Configuration Basics

User Isolation

Each user_id gets an isolated memory space:

alice_client = OpenAI(model="gpt-4.1-mini", user_id="alice")
bob_client = OpenAI(model="gpt-4.1-mini", user_id="bob")

# Alice's memories don't leak to Bob
alice_client.chat([{"role": "user", "content": "My secret is XYZ"}])
bob_response = bob_client.chat([{"role": "user", "content": "What's Alice's secret?"}])
# Bob won't know - different memory spaces

Storage Paths

Customize where memories are stored:

client = OpenAI(
    model="gpt-4.1-mini",
    user_id="alice",
    chroma_dir="./memories/vector_db",      # Vector embeddings
    networkx_path="./memories/graph.pkl"    # Knowledge graph
)

Operation Modes

Choose how embeddings are computed:

# Online mode (default) - uses OpenAI API for embeddings
client = OpenAI(model="gpt-4.1-mini", operation_mode="online")

# Local mode - uses local sentence-transformer (no API calls)
client = OpenAI(model="gpt-4.1-mini", operation_mode="local")
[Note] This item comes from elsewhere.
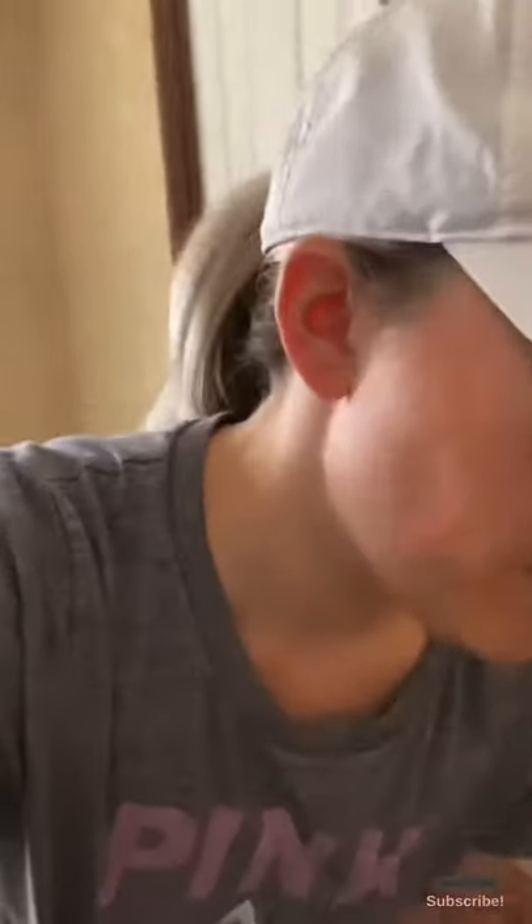I like to replace it with this type right here — it even looks nicer and they're not that expensive. I got this one on Amazon for about eight dollars. If you go to Lowe's they're about twenty dollars a piece, and I needed several for my home, so I went to Amazon. They have different styles, so if you want to make it fancier you can.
# Lightweight mode - no embeddings, graph-only (fastest startup)
client = OpenAI(model="gpt-4.1-mini", operation_mode="lightweight")

Common Patterns

Persistent Sessions

# Initialize once, reuse across application lifetime
client = OpenAI(model="gpt-4.1-mini", user_id="alice")
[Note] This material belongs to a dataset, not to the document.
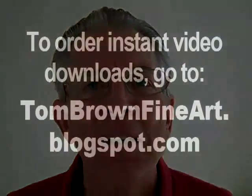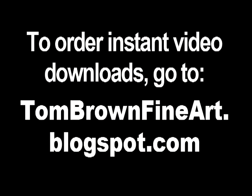Try one of these videos today. They're only a few bucks and you can download them and get started right away. Just go to my blog and click the link for any video you want. Here's the blog address.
# All conversations automatically build on previous memories
client.chat([{"role": "user", "content": "I like pizza"}])
# ... later ...
client.chat([{"role": "user", "content": "What food do I like?"}])
# Remembers: "You like pizza"

Conversation History Management

# Memlayer handles memory automatically, but you control conversation history
conversation = []

# Turn 1
conversation.append({"role": "user", "content": "My name is Alice"})
response = client.chat(conversation)
conversation.append({"role": "assistant", "content": response})

# Turn 2
conversation.append({"role": "user", "content": "What's my name?"})
response = client.chat(conversation)
# LLM can answer from:
# 1. Conversation history (conversation list)
# 2. Long-term memory (knowledge graph)

Time-Sensitive Facts

# System automatically extracts expiration dates
client.chat([{
    "role": "user", 
    "content": "The temporary password is 1234, valid for 24 hours"
}])

# After 24 hours, this fact is automatically removed by curation service

Next Steps

Troubleshooting

"No module named 'memlayer'"

pip install memlayer

"API key not found"

Set your environment variable or pass api_key parameter:

client = OpenAI(api_key="your-key", ...)

"Ollama connection refused"

Start the Ollama server:

ollama serve

Slow first response

First call initializes salience gate (~1-2s). Subsequent calls are fast. Use operation_mode="lightweight" for instant startup in demos.

Memory not persisting

Check that chroma_dir and networkx_path are writable directories. By default, they're created in the current working directory.